The N+1 problem shows up everywhere: rendering a list of items that each need to fetch related data, resolving GraphQL fields, hydrating objects from a cache. The usual fix is DataLoader, but that's tied to GraphQL conventions and carries more weight than most apps need.

microbatch is the batching primitive extracted. It works with any data source, any framework, and any key type. Zero dependencies.

API

batcher(batchFn, options?)

Creates a batcher. The batchFn receives an array of keys and must return a Map keyed by those same keys.

const loader = batcher(async (ids: string[]) => {
  const results = await fetchMany(ids);
  return new Map(results.map(r => [r.id, r]));
});

Returns an object with load and flush.

.load(key)

Queues a key for the next batch. Returns a promise that resolves with the value for that key.

const result = await loader.load("abc");

If the batch function's result Map doesn't contain the key, the promise rejects with an error. If the batch function itself throws, all pending promises reject with that error.

.flush()

Immediately dispatches any pending keys without waiting for the microtask.

loader.load(1);
loader.load(2);
await loader.flush();

Options

| Option | Type | Default | Description | |--------|------|---------|-------------| | maxSize | number | Infinity | Flush immediately when the queue reaches this size | | maxWait | number | 0 | Max ms to wait before flushing (0 = microtask only) |

maxSize

Caps the number of unique keys per batch. When the queue hits maxSize unique keys, it flushes immediately without waiting for the microtask. Duplicate loads for the same key don't count toward the limit. Remaining keys go into the next batch.

const loader = batcher(batchFn, { maxSize: 50 });

maxWait

Adds a timer-based flush in addition to the microtask flush.
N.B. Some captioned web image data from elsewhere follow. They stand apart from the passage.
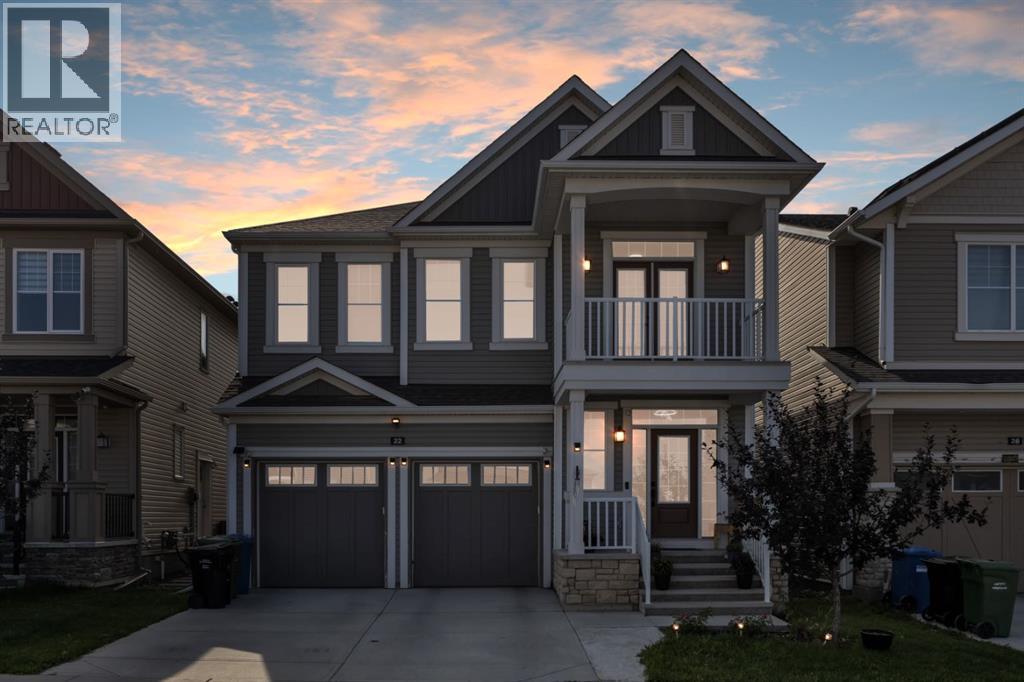 22 Cityside Heath NE, Calgary, AB T3N 1H7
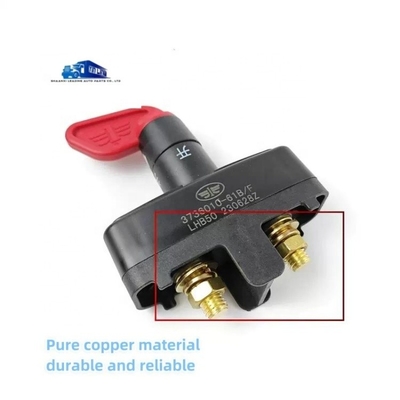 J6 J6P Howo 2007- FAW Truck Accessories Power Master Switch dla wszystkich typów ciężarówek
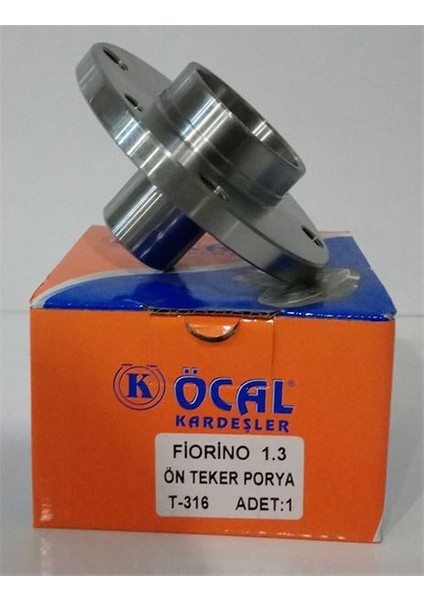 316 - Teker Poryası Ön 22 Dış Fıorıno 1.3 Lınea 1.4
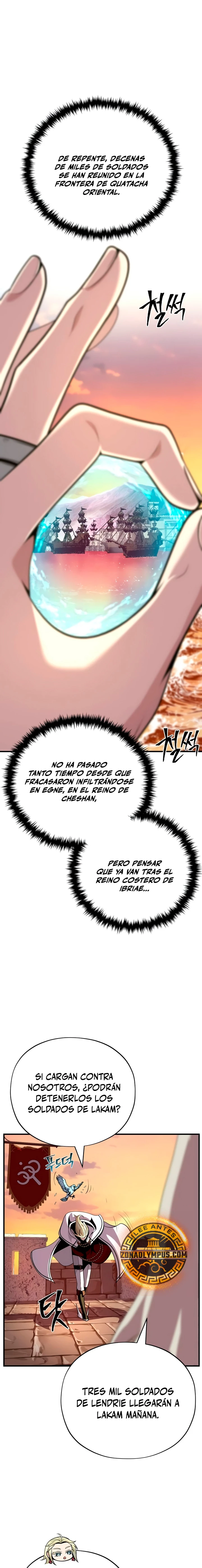 El mago oscuro reencarna Después De 66666 años Capitulo 137 página 13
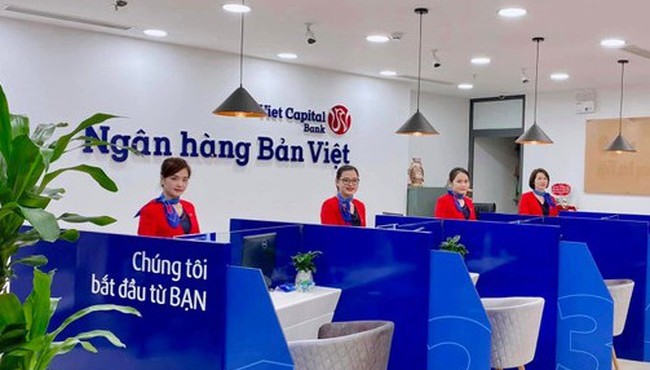 Viet Capital Bank hoàn thành kế hoạch lãi 2022, nợ xấu tăng lên 2,79%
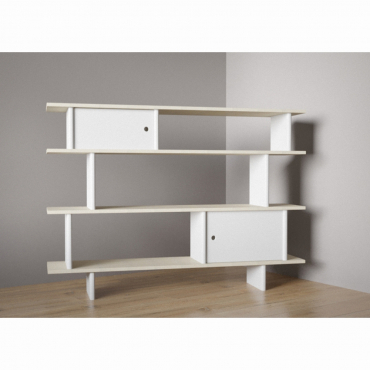 Стеллаж «Акварелька» - «globural.ru» - Тихорецк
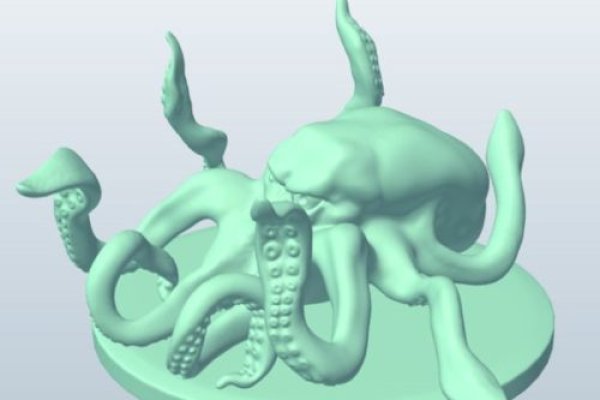 Kraken market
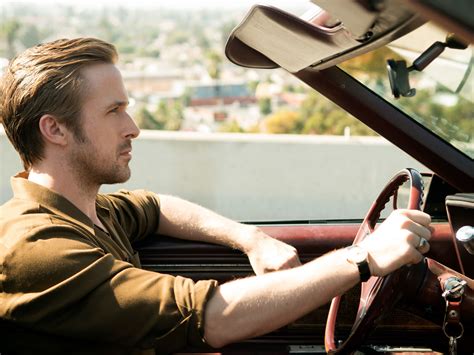 ryan gosling watch la land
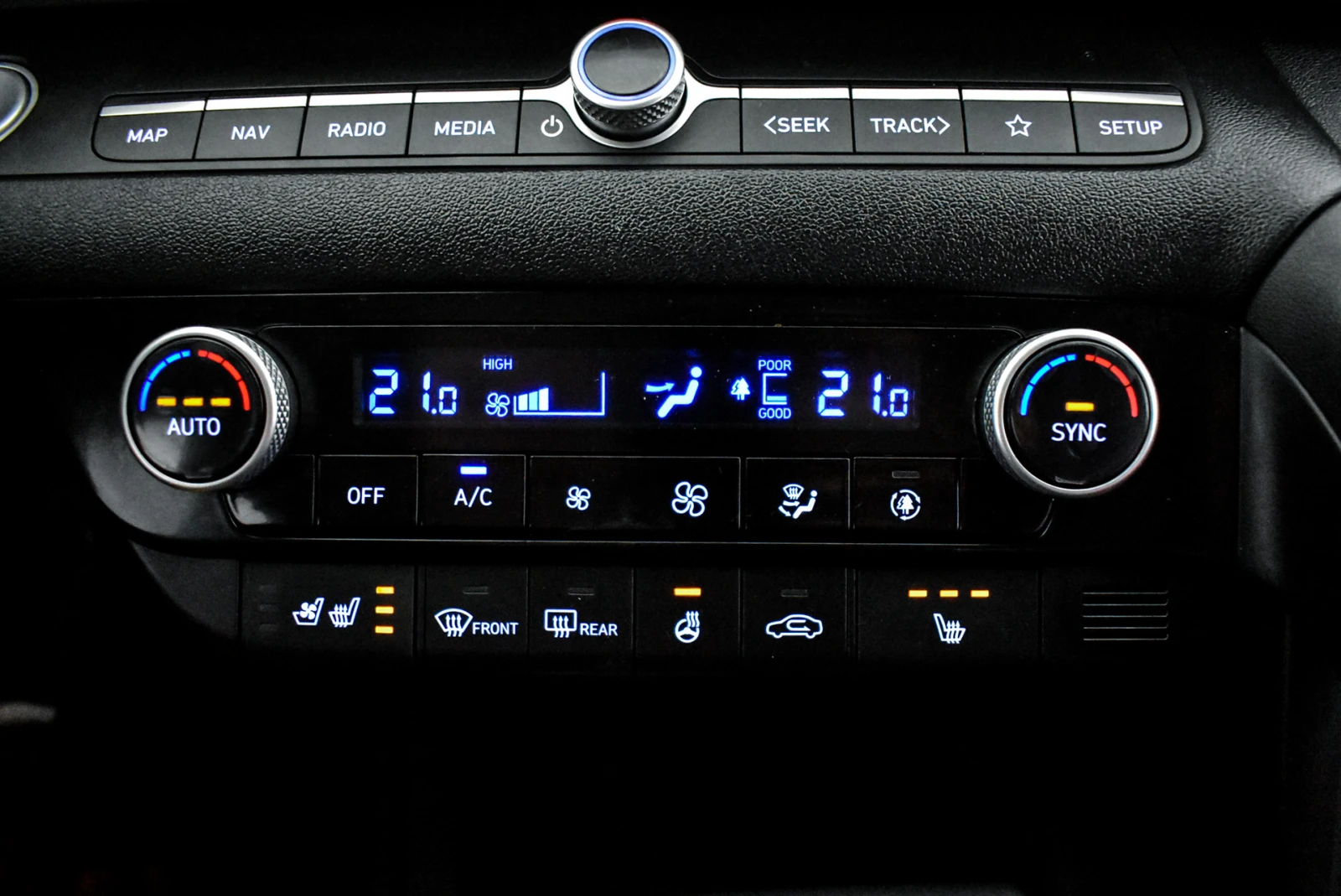 Hyundai Elantra 1.6 LPI | Mobile.bg   15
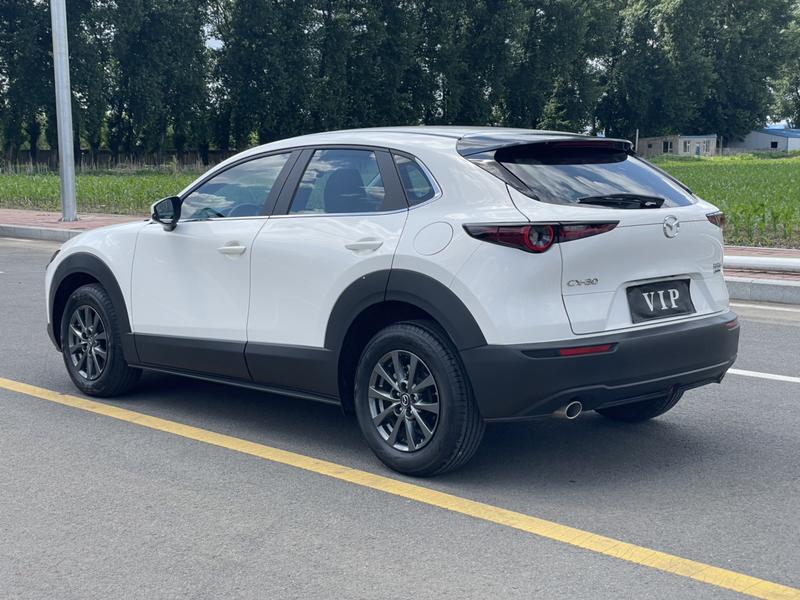 Mazda CX-30, 2022 — фото 4 из 10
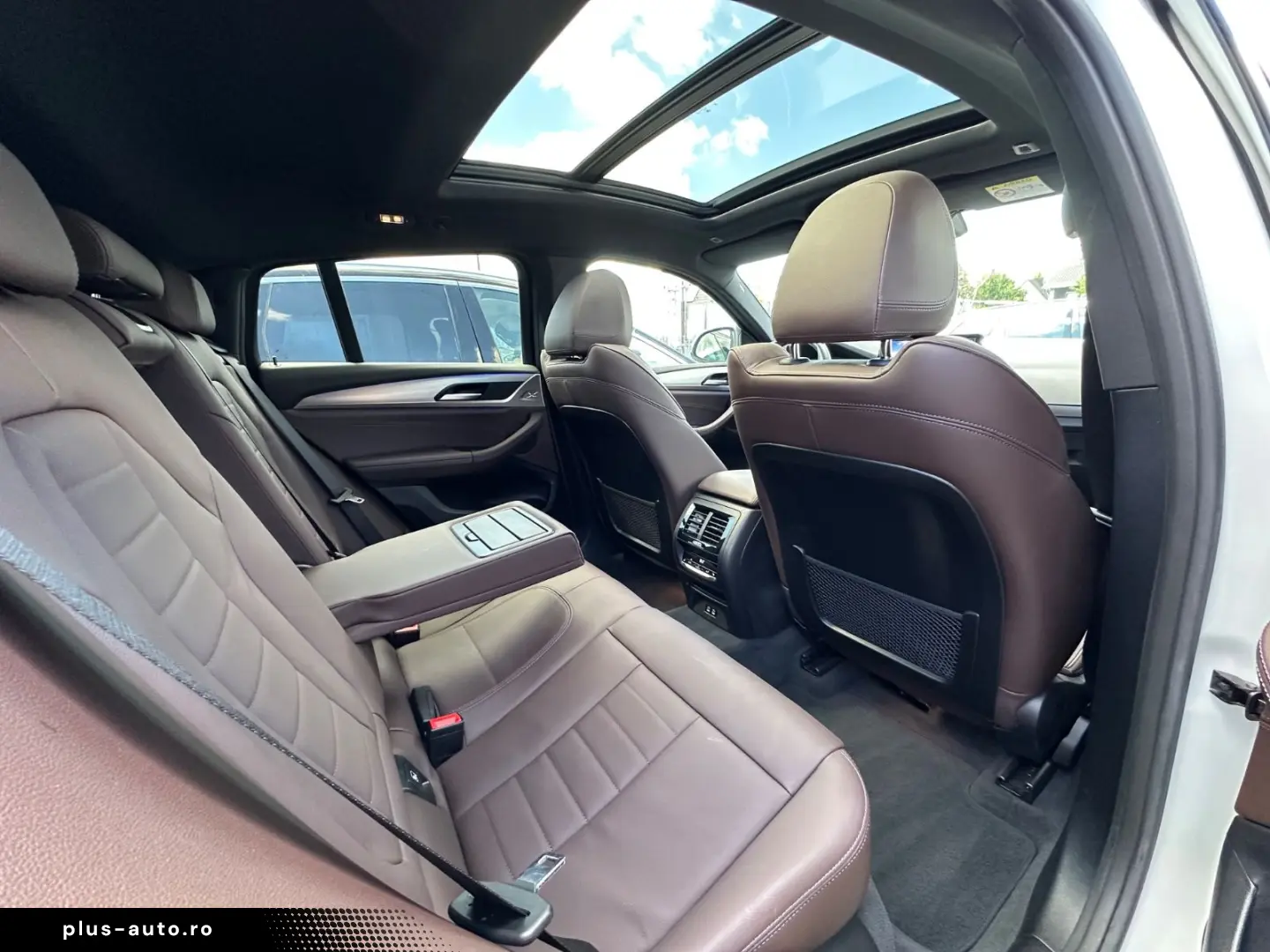 X4 xDrive 30d M-Sport NaviProf Pano LederACC AHK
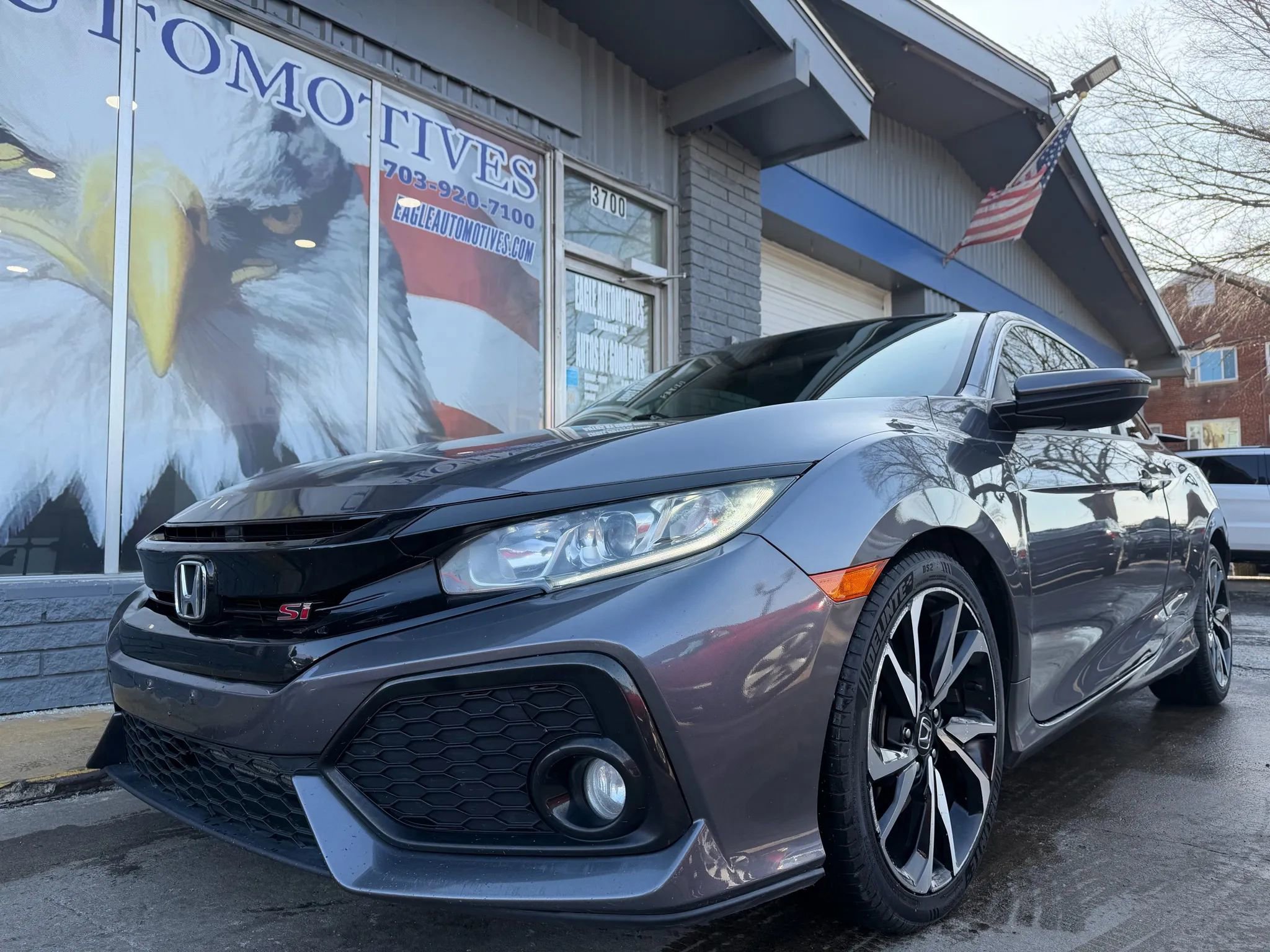 Used 2019 Honda Civic Si image 7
Useful when loads trickle in across multiple ticks and you want to batch them within a time window.

const loader = batcher(batchFn, { maxWait: 10 });

How batching works

  1. You call load(key) - the key is added to an internal queue
  2. If maxSize is reached, the queue flushes immediately
  3. Otherwise, a microtask is scheduled (or a timer if maxWait is set)
  4. When the microtask fires, all queued keys are passed to batchFn as a single array
  5. The returned Map is used to resolve each caller's promise individually
  6. If a key is missing from the Map, that caller's promise rejects
  7. If batchFn throws, all callers in that batch reject

No caching. Each load() call always goes through batching. If you want caching, layer it on top.

Per-key error handling

The batch function returns a Map. If a key is present, the caller gets the value. If a key is missing, the caller gets a rejection. This lets you handle partial failures cleanly:

const results = await Promise.allSettled([
  loader.load(1), // fulfilled
  loader.load(2), // rejected (missing from Map)
  loader.load(3), // fulfilled
]);

If the batch function itself throws (e.g., network error), every caller in that batch rejects with the same error.

Design decisions

  • Zero dependencies. Tiny footprint.
  • Batches within a microtask by default. No timers unless you opt in with maxWait.
  • Batch function must return a Map for per-key resolution. Arrays would require positional matching which is fragile.
  • No caching, no deduplication, no memoization. This is just the batching primitive.
  • Works with any key type that can be a Map key (strings, numbers, objects by reference). Object keys use reference equality - two { id: 1 } literals won't dedupe unless they're the same reference.
  • maxSize flushes synchronously so you can control memory and payload size.